Even though I do not have enough information to draw a conclusion on what to do in Iraq, I often do have enough information to judge whether the person telling me his plans is intelligent enough and moral enough to come up with a good plan. When President Bush made the decision to attack Iraq it was clear, at least to me, that he was significantly deficient in both of these qualities. It did not matter whether I thought that invading Iraq was a good idea or not, it was a very bad idea for Bush to be in charge of the operation. In fact, we have seen the consequences.
If, in 2003, Congress would have budgeted $1 trillion, 4000 American lives, and 30,000 American military personnel injured to dealing with problems in the middle east. I have little doubt that we could have done much more than Bush was able to accomplish with this allotment.
I continue to wonder what would have happened if we had spent that $1 trillion on reducing American dependence on foreign oil – invested it in wind farms, solar power stations, and conservation instead of in Blackwater-style mercenaries and military hardware. What would we have been able to do today if we were now able to approach Middle-Eastern countries from a position of independence and strength, rather than from about the same position as a drug addict to his supplier.
And we could have saved the 4000 American lives, and 30,000 American military personnel would not have been injured.
One of the ways to determine the answer to the question of what a candidate will do as President is to ask them their opinion about past events. In this regard, there is no need to limit our discussion to the invasion of Iraq. What about Bosnia? What about the first Gulf war?
I supported Papa Bush’s decision to liberate Kuwait. Hussein was the aggressor, and needed to be pushed back. This response would serve as a deterrence to other aggressor nations that the days of conquering other countries with impunity are over. It would be a useful program to adopt for promoting peace. However, we somewhat shoot ourselves in the foot when we become the nation that is doing the conquering. This, then, makes us hypocrites.
I supported the attack on Bosnia. People are people. I reject the idea that a Bosnian life (or an Iraqi life) is worth less than an American life.
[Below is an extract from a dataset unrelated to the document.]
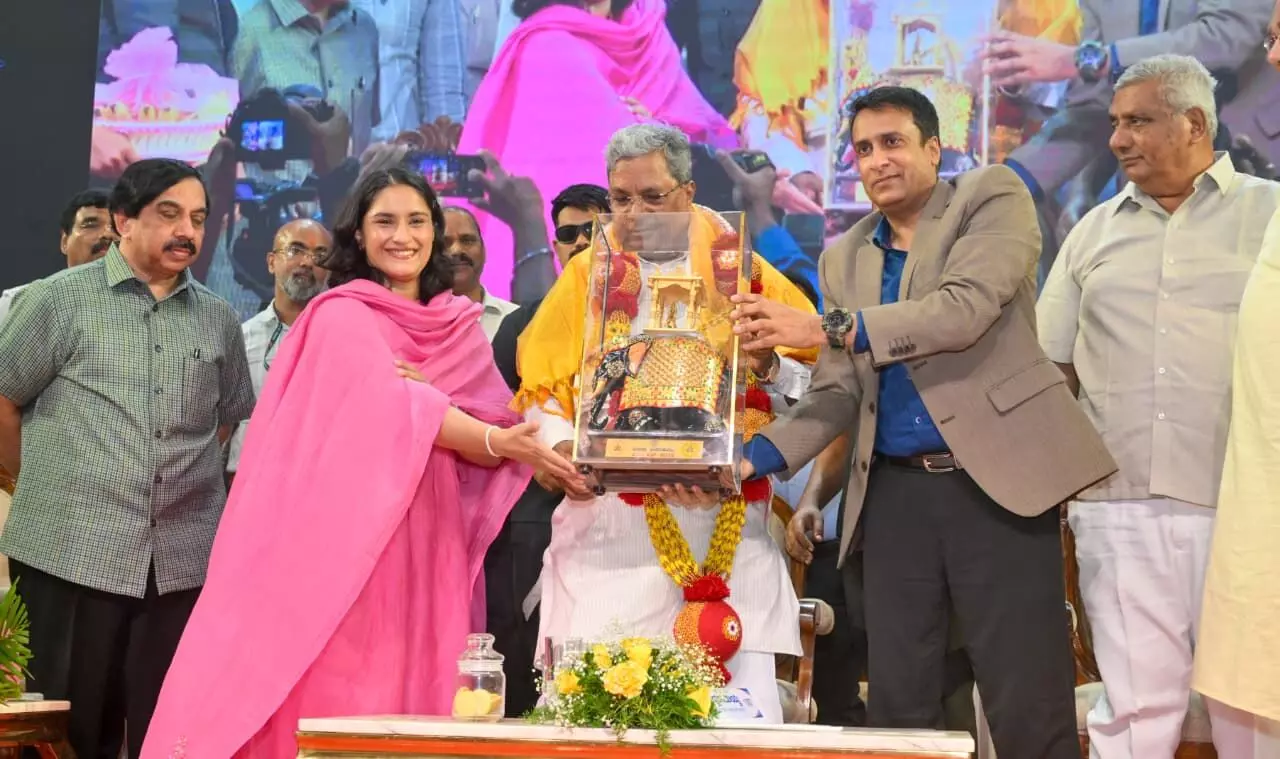 ಒಲಂಪಿಕ್ಸ್ ಪದಕ ವಿಜೇತರಿಗೆ 6 ಕೋಟಿ ರೂ. ನಗದು ಬಹುಮಾನ : ಸಿಎಂ ಸಿದ್ದರಾಮಯ್ಯ ಘೋಷಣೆ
Death is the ultimate loss for those who die. The campaign in Bosnia saved innocent lives, and did so without a hint that it was done for anything other than humanitarian principles.
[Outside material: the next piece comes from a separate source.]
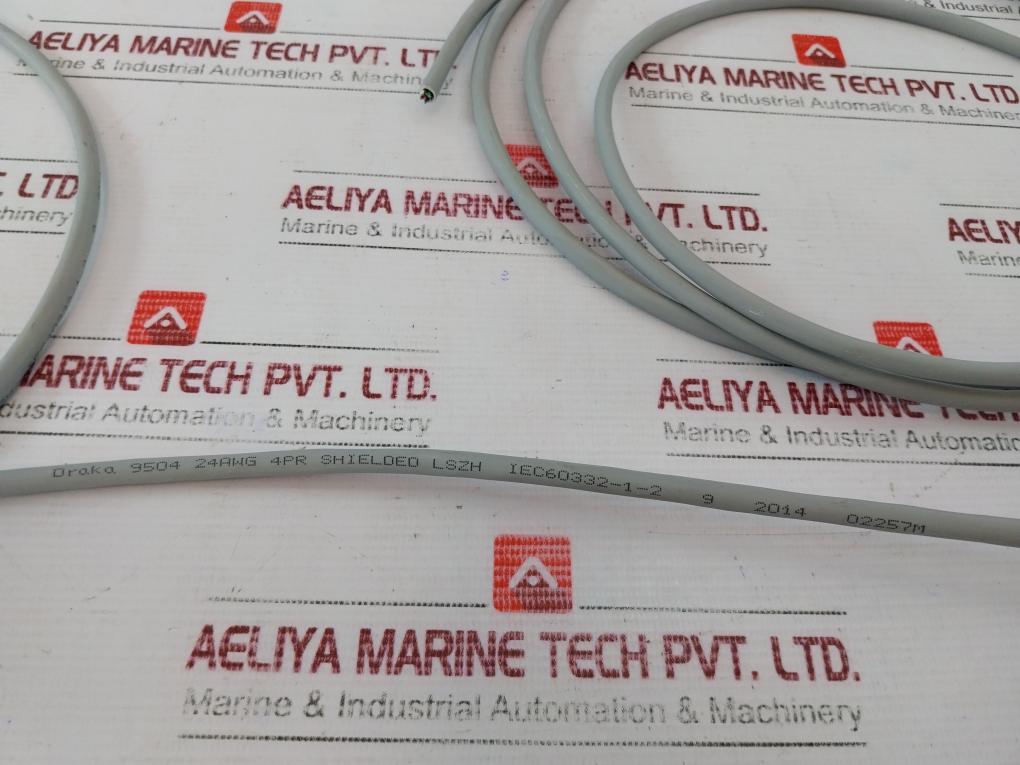 Zenith 14460041000 Analogue in/out Cable Assembly Iec60332-1-2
So, I would like to ask the candidates whether they would have supported (or did support) these actions and why. If not, I would count this against the quality of their character.
Do they care enough about innocent life to save it? Do they care enough about bringing an end to tyranny that they will devote efforts to bringing an end to tyranny? If not, they do not have the moral character necessary to be good people, let alone good Presidents.
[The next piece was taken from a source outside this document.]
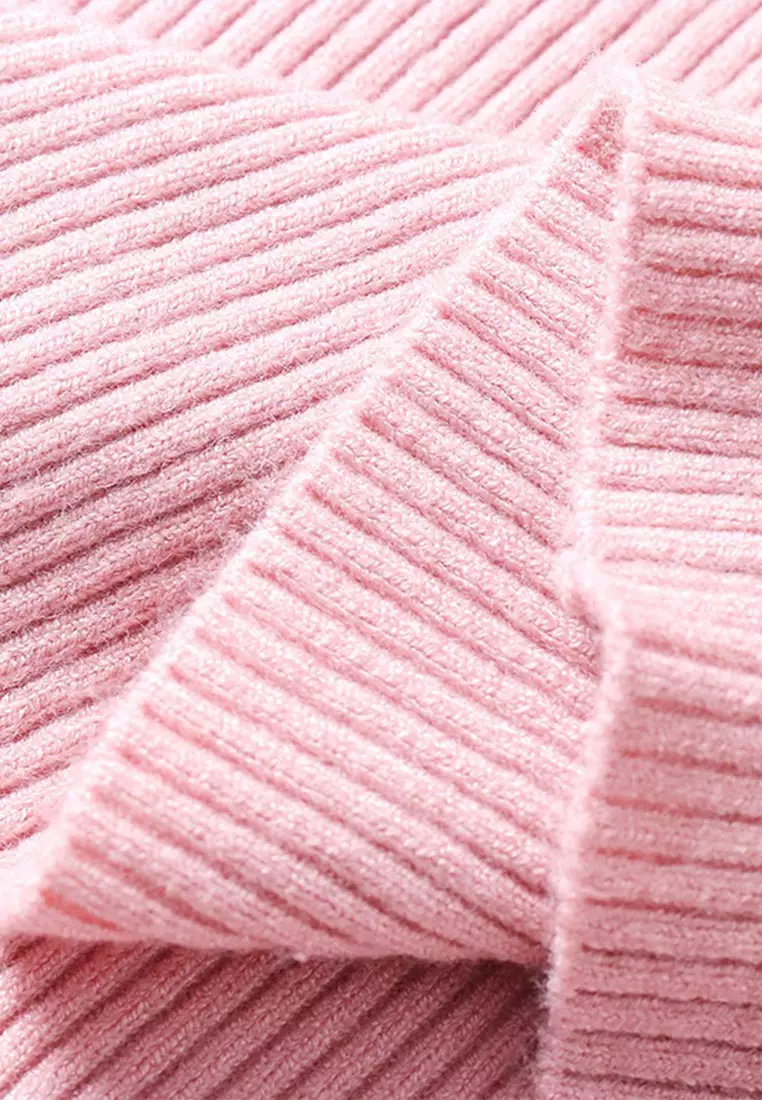 Turtleneck Knitted Sweater Base Layer Top SX8133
Do they have the intelligence enough to do so without utterly destroying one country and doing significant harm to their own? If not, than even if their heart is in the right place, it would be better to trust the job to somebody competent enough to do it correctly.
Which of the current candidates has the competence and concern to do the best job at saving innocent lives regardless (even if they are not American citizens) and promoting freedom? I'm looking for the author who can help to answer that question for me.